Olympos Tanrıları Neredeler - Fermi Paradoksu


    Sen...evet evet sen Ares...sana diyorum...Sen bu Olympos dağında oturan tanrılar içinde tiksindiğimsin...

   İhtişamlı Zeus öfkeden çılgına dönmüş bir halde, oğlu savaş tanrısı Ares'e hiddetle haykırıyordu. Diğer taraftan Apollon ve Athena'da katıldılar tartışmaya ve onlar da bağırıyorlardı Ares'e;

    ...Sen kaleler yıkan, elleri kanlı, dönek, utanmaz, acımasız, deli ve kötülerin de kötüsü olanısın...

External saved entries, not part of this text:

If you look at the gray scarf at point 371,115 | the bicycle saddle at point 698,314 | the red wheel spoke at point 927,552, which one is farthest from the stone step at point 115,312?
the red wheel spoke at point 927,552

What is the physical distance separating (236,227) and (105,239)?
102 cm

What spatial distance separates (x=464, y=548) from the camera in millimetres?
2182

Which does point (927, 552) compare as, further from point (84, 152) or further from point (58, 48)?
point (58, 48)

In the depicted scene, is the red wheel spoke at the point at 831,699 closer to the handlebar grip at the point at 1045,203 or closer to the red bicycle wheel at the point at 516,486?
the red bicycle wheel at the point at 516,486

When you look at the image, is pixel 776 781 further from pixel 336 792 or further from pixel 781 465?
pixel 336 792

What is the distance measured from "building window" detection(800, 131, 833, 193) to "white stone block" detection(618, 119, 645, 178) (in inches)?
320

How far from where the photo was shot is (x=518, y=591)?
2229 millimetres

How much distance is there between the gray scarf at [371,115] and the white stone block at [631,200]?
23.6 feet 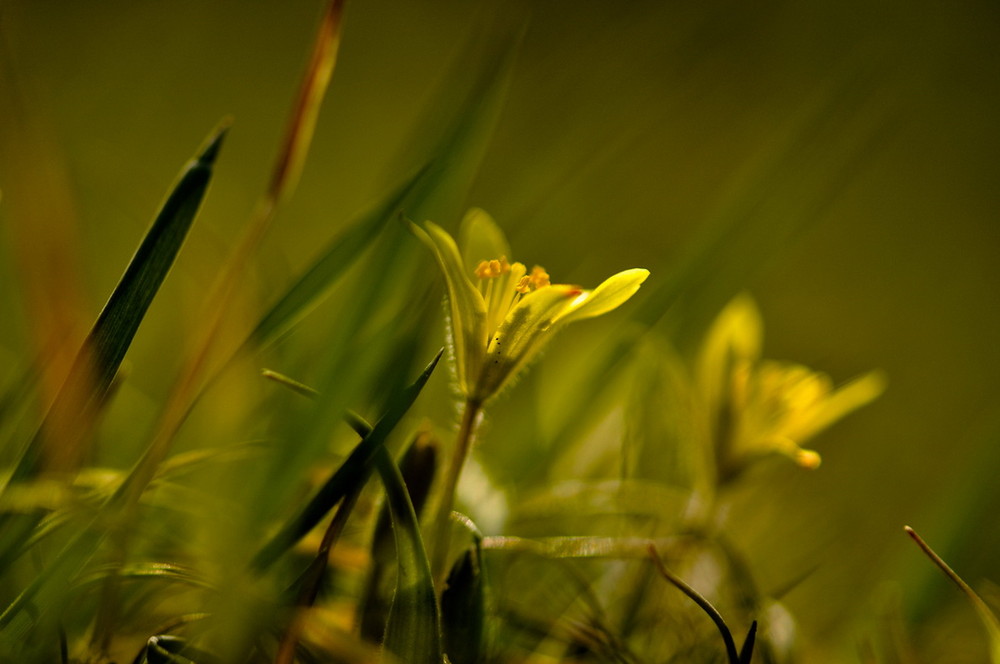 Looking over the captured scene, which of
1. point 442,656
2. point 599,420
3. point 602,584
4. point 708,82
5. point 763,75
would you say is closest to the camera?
point 442,656

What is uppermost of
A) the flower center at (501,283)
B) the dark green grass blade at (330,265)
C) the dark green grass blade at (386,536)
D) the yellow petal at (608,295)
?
the yellow petal at (608,295)

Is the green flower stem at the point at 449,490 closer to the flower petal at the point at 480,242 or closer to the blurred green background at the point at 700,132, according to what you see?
the flower petal at the point at 480,242

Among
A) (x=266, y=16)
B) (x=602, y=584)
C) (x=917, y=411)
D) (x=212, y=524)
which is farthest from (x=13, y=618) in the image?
(x=266, y=16)

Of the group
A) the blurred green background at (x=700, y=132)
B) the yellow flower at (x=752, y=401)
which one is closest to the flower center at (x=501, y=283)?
the yellow flower at (x=752, y=401)

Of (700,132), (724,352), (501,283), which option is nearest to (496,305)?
(501,283)

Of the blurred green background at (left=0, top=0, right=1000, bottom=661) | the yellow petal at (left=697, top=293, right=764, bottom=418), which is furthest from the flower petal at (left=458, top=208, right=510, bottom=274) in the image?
→ the blurred green background at (left=0, top=0, right=1000, bottom=661)

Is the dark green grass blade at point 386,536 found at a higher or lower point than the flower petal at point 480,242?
lower

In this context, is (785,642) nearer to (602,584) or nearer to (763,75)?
(602,584) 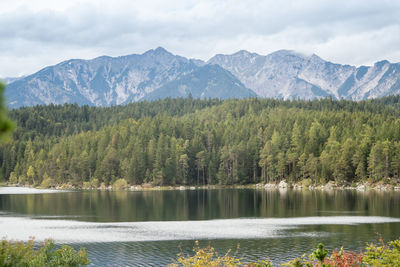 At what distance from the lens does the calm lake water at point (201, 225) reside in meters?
56.3

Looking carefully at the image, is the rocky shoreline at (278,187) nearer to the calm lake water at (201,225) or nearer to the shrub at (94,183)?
the shrub at (94,183)

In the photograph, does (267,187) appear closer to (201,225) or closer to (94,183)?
(94,183)

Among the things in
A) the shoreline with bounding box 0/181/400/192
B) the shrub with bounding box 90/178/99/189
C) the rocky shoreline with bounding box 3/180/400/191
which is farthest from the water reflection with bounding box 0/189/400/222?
the shrub with bounding box 90/178/99/189

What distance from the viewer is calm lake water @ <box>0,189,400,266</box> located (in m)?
56.3

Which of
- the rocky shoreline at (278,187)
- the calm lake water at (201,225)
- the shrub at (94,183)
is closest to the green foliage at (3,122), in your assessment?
the calm lake water at (201,225)

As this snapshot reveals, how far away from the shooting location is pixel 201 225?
77750 mm

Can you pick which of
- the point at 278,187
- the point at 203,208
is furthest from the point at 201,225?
the point at 278,187

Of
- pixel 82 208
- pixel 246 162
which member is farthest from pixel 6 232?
pixel 246 162

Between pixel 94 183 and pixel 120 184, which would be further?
pixel 94 183

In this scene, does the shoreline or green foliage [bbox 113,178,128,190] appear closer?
the shoreline

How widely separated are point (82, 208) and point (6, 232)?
36688 mm

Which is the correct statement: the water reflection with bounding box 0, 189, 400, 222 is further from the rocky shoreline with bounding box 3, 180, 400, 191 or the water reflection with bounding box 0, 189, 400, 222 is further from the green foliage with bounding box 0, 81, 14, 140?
the green foliage with bounding box 0, 81, 14, 140

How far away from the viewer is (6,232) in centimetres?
7069

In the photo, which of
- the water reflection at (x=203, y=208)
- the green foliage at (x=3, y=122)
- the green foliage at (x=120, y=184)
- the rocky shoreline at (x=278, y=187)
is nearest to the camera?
the green foliage at (x=3, y=122)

    Ares bu, savaşların tanrısı. Bu hakaretleri dinlemeye devam etmeyecekti elbette ve ağır bir intikam almaya karar verdi. Yanına yardımcıları; Korku, dehşet, fitne ve kız kardeşi yağmaların tanrıçasını da alarak köşesine çekildi. Dünya'ya, insanlara dehşet salacaktı, saldı da. Her köşede fitne, fesat, savaşlar, katliamlar, yağmalar yaşandı. İnsanlar içinde oluk oluk aktı kan, aynı nehirler gibi. Bu gidişe dur demek için Olympos dağı tanrıları da Ares'e karşı savaş açtılar.

    Ama nafile ve maalesef kazanan savaş tanrısı oldu. Belki de o günden beri bu sebepledir ki, savaşlar hiç eksilmeksizin devam eder durur insanlar arasında.

    Ares kazandı kazanmasına ama, Zeus'u da tahtından indiremedi bir diğer taraftan. Bir anlaşma yapıldı iki taraf arasında. Artık Olympos dağı tanrıları dünyaya ve insanlara karışmayacaklardı. Anlaşma anlaşmadır. Zeus şartları kabul etti ve dağdan dünyaya açılan tüm kapıları kapattı.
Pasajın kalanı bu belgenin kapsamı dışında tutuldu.